A time for contemplation

This last month and a half has been quite busy and I brought down the level of activity with a retreat in southwestern Indiana last week.

This was at Willow Pond Retreat, a small retreat center owned by Charles and Sarah Gipson.  Charles had been pastor at Church of the Saviour in Indianapolis in the period just before my wife and I joined that community.  I was at the retreat center for several days and while I spent a lot of time photographing the beautiful landscape, I found myself concentrating on the one acre pond that is part of the retreat center and within the pond, just along the shore.


Leaves in water are fascinating.


I suppose one could see melancholy in photographing in the autumn but it is enormously inspiring to me.


Inspiring because there is beauty in both the life and death of these leaves and beyond that, regeneration will follow.


Is this a metaphor for our own lives?  We can see beauty in life all around us and my mother in some respects became even more beautiful as she was dying.  Mom remains as a gift that will be with me for the rest of my life.


But what about regeneration, life after death?  My religion teaches that there is life beyond but I can’t speak from personal experience.


All I can say for sure is that there is life here and now and our sacred job is to live it.  Thank you, Charles and Sarah.

Massachusetts Avenue, Indianapolis

Members of the camera club participated in a world wide photo walk a few weeks ago.  It was brisk when we got started at 9:30 but it warmed up after a bit.

We worked in the Massachusetts Avenue area of Indianapolis, a historic area with many artists.  A lot of the images I have here were created by combining images shot at different exposures (High Dynamic Range or HDR).  High saturation, which is often a part of HDR images,  just seemed the right thing to include with many of them.

It was a go-go kind of morning.

I liked seeing these three kinds of architecture together.

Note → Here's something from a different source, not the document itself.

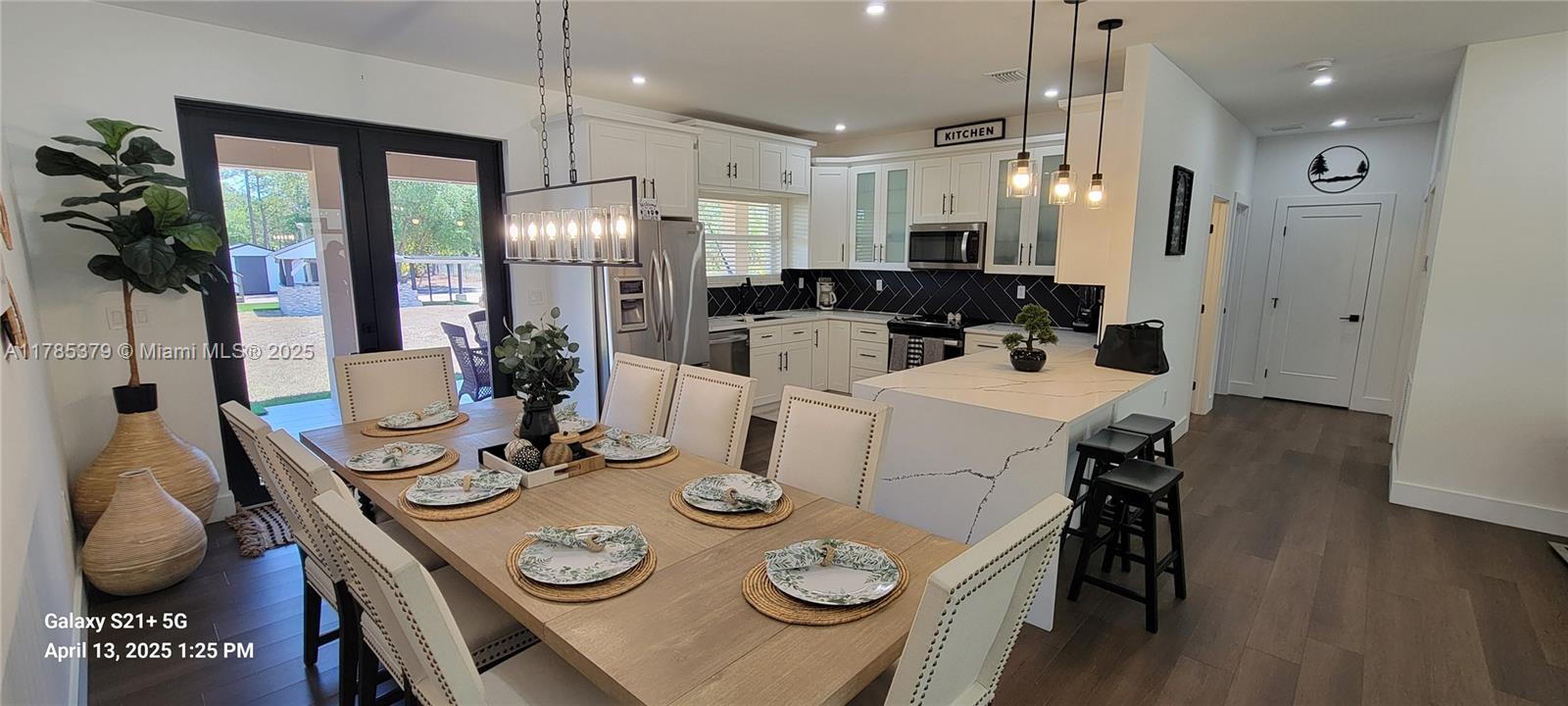 Montura Ranches - Residential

Indianapolis Fire Department Station 7.

At the Indianapolis Fire Museum up the street from the fire station.

Many years ago, when I first started working at AT&T’s Bell Laboratories in Holmdel NJ, I worked on automating Directory Assistance.  I learned that the DA offices often served areas far removed from their physical location.  A few years after we moved to Indianapolis, my wife and I started going to the Agio Restaurant.  It moved around some in those early years and when we stopped by at the last known location, it was dark on a Friday night.  Moved again, but where?  I called Directory Assistance and asked for the number for Agio and the operator replied “I was by there the other night and it was dark.  I guess they moved.”  Not the answer I expected.  I’m glad to know where it is now, it’s a good restaurant.


Mass Ave.  An excellent place to go with a camera.

Kaleidoscope images? Sure, why not?

The other evening a friend mentioned that someone was doing kaleidoscope images with photographs.  This sounded interesting and in this day and age, the first thing to do would be to check for software that does that.  There is such software and it does an interesting job.  Here are some examples:









Some are clearly better than others but I’m learning more and I hope the next batch will be better.  I don’t know how creative this is, but it’s fun.